**DATA PROVIDED:**
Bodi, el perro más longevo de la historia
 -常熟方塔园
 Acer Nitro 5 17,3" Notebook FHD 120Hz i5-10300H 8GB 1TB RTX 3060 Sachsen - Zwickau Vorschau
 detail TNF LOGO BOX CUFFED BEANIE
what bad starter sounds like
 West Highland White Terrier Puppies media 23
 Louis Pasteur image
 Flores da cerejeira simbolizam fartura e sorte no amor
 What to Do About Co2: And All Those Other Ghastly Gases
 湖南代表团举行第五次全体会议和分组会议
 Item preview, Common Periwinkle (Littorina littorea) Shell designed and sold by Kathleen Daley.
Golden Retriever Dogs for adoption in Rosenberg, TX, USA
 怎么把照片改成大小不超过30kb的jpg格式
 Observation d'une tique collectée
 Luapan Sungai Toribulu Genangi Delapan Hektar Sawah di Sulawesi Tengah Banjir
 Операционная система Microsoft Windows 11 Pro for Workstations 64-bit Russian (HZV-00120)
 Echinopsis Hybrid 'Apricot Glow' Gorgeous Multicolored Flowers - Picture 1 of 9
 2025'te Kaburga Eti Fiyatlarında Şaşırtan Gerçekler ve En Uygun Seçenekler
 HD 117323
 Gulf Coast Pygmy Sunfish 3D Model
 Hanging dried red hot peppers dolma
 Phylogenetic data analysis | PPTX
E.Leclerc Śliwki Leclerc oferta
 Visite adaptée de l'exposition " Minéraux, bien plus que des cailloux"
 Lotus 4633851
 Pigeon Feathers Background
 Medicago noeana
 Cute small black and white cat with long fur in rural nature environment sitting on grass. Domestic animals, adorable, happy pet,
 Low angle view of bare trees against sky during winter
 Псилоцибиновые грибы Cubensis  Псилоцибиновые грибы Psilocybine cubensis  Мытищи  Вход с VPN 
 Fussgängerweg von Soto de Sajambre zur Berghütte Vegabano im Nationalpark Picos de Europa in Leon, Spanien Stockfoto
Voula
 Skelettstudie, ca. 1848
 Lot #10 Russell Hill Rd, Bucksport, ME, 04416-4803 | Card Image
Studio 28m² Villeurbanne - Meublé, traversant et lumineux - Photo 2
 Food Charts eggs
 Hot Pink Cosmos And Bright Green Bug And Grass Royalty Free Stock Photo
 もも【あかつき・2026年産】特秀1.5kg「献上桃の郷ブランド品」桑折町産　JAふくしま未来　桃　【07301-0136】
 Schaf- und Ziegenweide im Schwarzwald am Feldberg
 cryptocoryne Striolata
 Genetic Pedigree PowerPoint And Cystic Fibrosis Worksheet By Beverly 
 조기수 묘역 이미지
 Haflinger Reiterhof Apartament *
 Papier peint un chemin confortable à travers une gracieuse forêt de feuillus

**WORK TASK:** From the records, copy out each line that includes the string "Photo".

**EXERCISE RESPONSE:**
Studio 28m² Villeurbanne - Meublé, traversant et lumineux - Photo 2
 Hot Pink Cosmos And Bright Green Bug And Grass Royalty Free Stock Photo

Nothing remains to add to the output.